Tedick and Fortune have presented their findings at the
Preconference Dual Language Institute of the National Association of
Bilingual Education and the American Educational Research
Association’s annual conference in 2006. A manuscript is in process.
Social studies education
Deliberating in a Democracy (DID) project
“We are Lithuanians and our character is a little bit
different from the rest of the states, especially the
Americans. And what we are used to is to argue, from the
beginning. And here, this method taught me and my students
just to get the main point then to listen to others and to
make to some conclusion, to solve the issue at the end and
so get some results and of course leave with your own
aspects. So I like it very much and my students also.”—Teacher
from Lithuania
Should all citizens of voting age be required to register and
vote in federal elections or face fines? Should
physician-assisted suicide be legal? These are the types of
controversial public issues that secondary students are
discussing as part of the
Deliberating in a Democracy (DID) Project. DID is a
five-year project directed by the Constitutional Rights
Foundation Chicago (CRFC) and funded by the U.S. Department of
Education.

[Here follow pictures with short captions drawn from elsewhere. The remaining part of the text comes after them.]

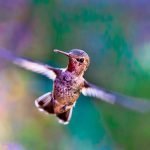 Beija-flor, a ave das Américas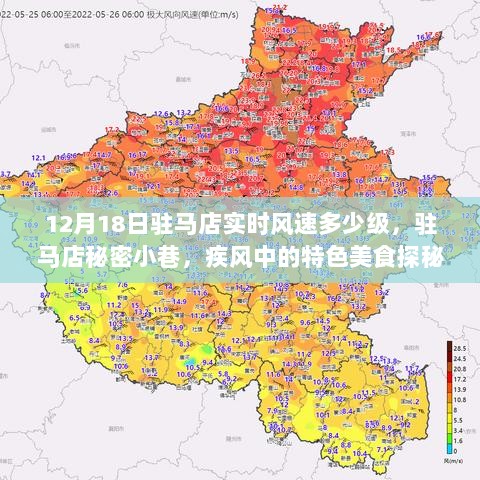 驻马店秘密小巷，疾风中的美食探秘与实时风速揭秘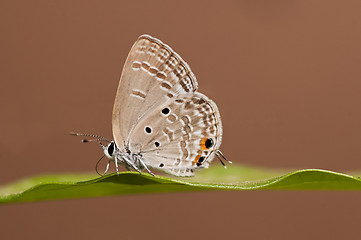 Image showing Pandava Butterfly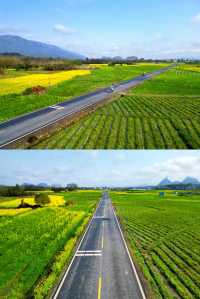 桂林·龍井村風景區丨春天來全州龍井賞油菜花海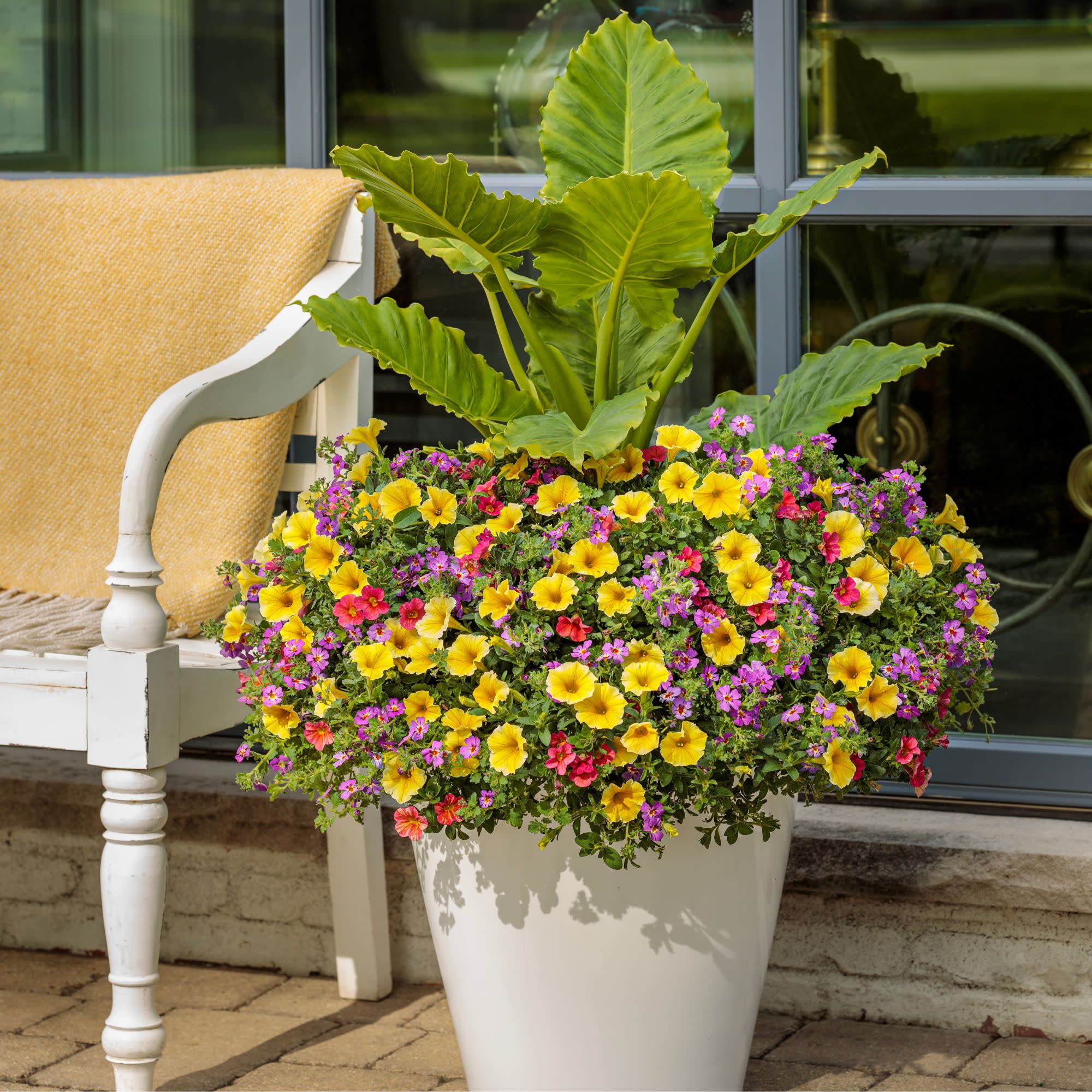 Petunia | Supertunia® Saffron Finch™ | Proven Winners® Annuals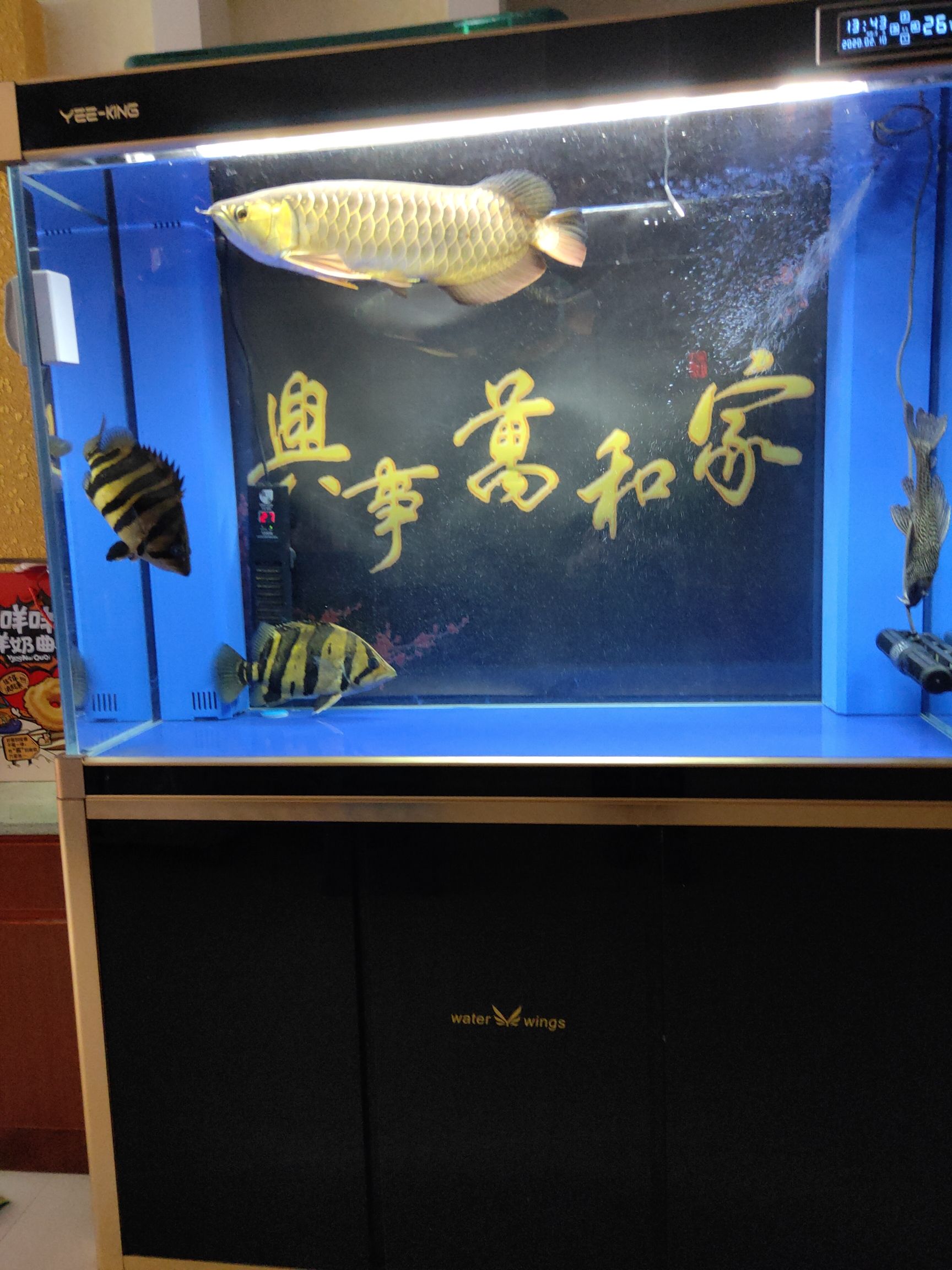 宜賓觀賞魚市場(chǎng)請(qǐng)教各位大神龍魚缸子可以養(yǎng)金魚嗎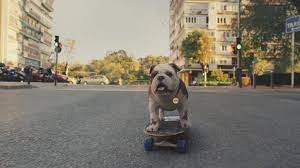 The name of the song is unsquare dance and it was released in 1962. Skateboarding Dogs And An Invitation To Chill It S The Churchill Rebrand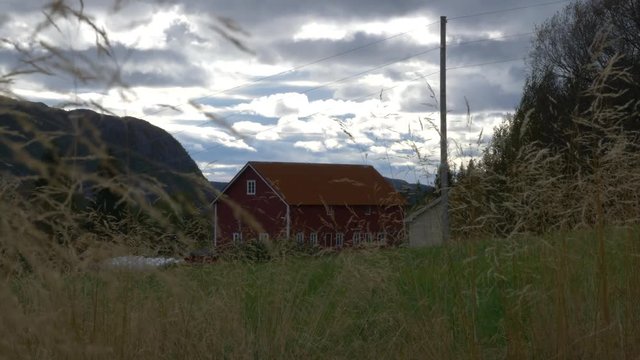 looking true grass, barn in the background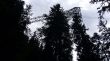 20070728-tgom-050973.jpg
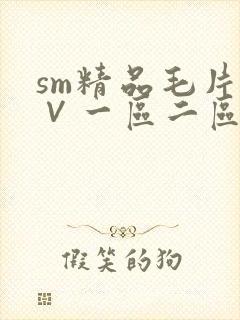 sm精品毛片a∨一区二区三区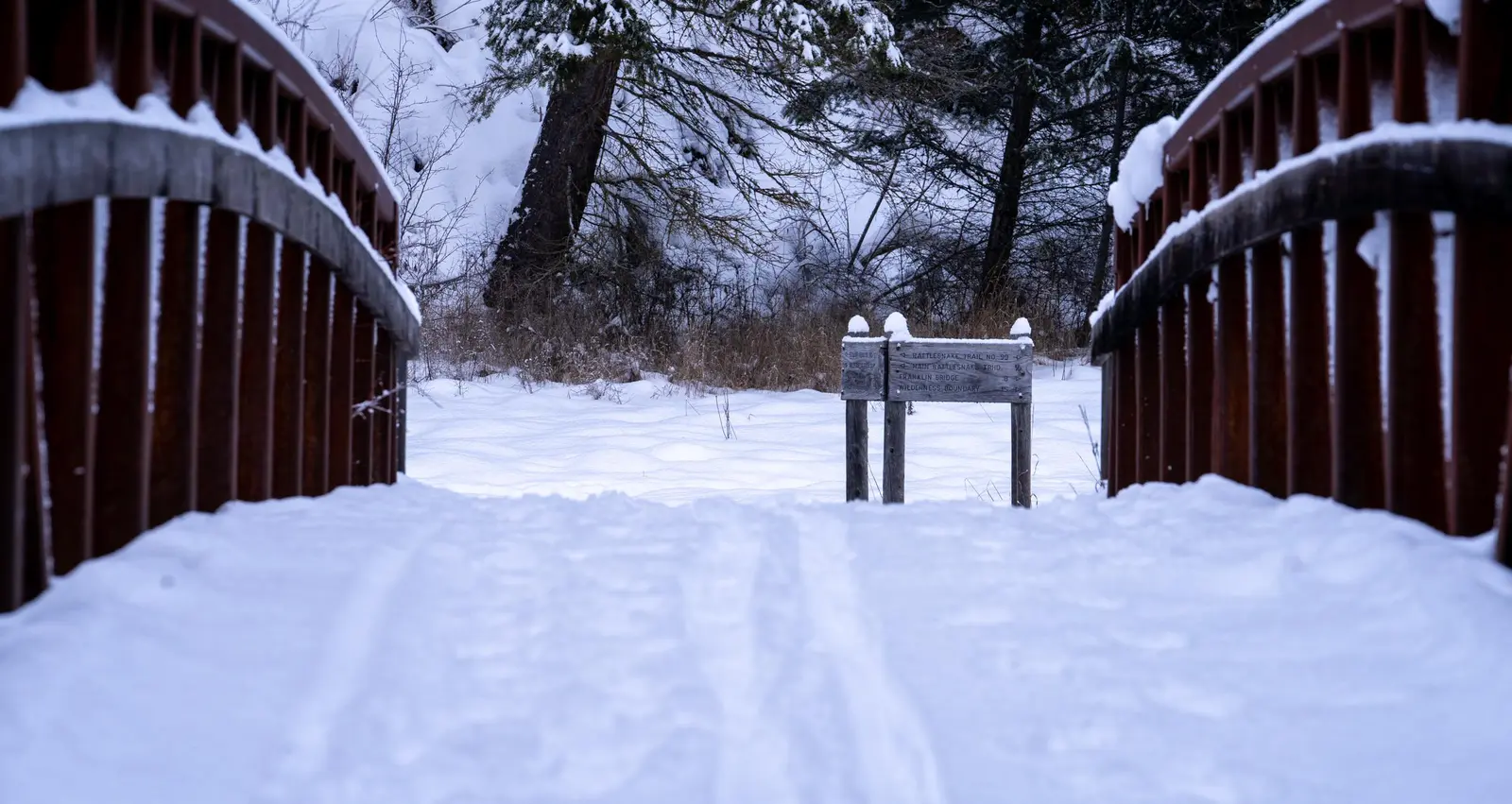 Image of the Nordic Ski Trails at the Rattlesnake National Recreation Area.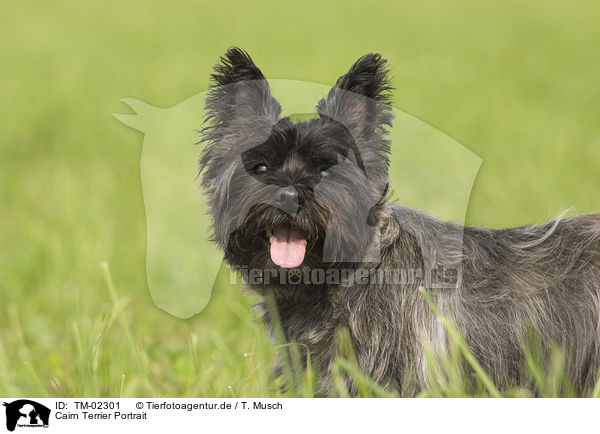 Cairn Terrier Portrait / Cairn Terrier Portrait / TM-02301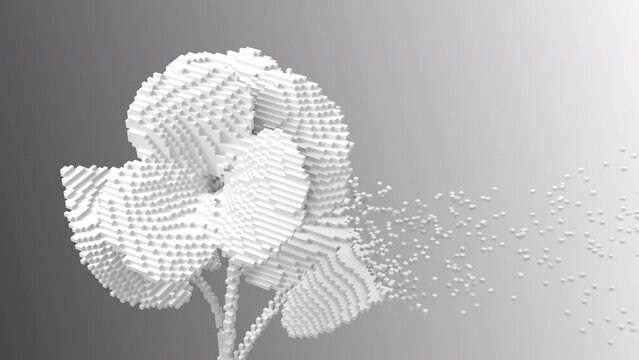 White digital flower viola disintegrates to 3d pixels. 3d animation. 4k.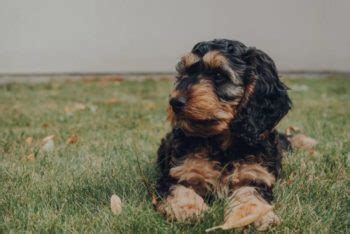 10 Common Cockapoo Colors (With Pictures) | Hepper Pet Resources
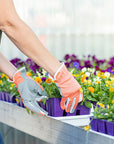 Planter Pink Gloves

Professor Patricia Avery
is leading an evaluation of this innovative program, which
strives to introduce such rich discussions into five urban
centers in the United States, as well as the emerging
democracies of Lithuania, Estonia, Russia, Azerbaijan, and the
Czech Republic. Avery; Carol Freeman, research associate
from the Center for
Applied Research and Educational Improvement (CAREI); and
Kyle Greenwalt, doctoral candidate in social studies, have
been evaluating a professional development that leads teachers
to implement Structured Academic Controversy (SAC), developed by
David and
Roger Johnson (professor of
educational psychology and professor of science education) in
order to increase students’ ability to participate in
deliberations about controversial public issues.
During the 2004-2005 school year, the DID Project was
conducted with 54 secondary teachers and over 1,000 students in
six sites: Azerbaijan, the Czech Republic, and Lithuania; and
the metropolitan areas surrounding Chicago, Los Angeles, and
Washington, D.C. For the current school year, the project has
added sites in Estonia; Russia; Denver, Colo.; and Columbia,
S.C. As part of the evaluation of the DID Project, multiple
types of data (focus group, interview, observational, survey)
were collected from multiple sources (students, teachers, school
administrators, site coordinators, project directors). Findings
from the initial year of the DID Project indicate that teachers
found the deliberation model relatively easy to implement.
Students reported that through their involvement in classroom
deliberations, they recognized the value of considering multiple
perspectives, and drew comparisons between classroom and “real
world” democratic practice. Students further indicated that the
format of the SAC promoted a supportive classroom environment
for the exchange of ideas.
Avery, Freeman, and Greenwalt have presented their findings
to the National Council of Social Studies (2005) and American
Educational Research Association (2006).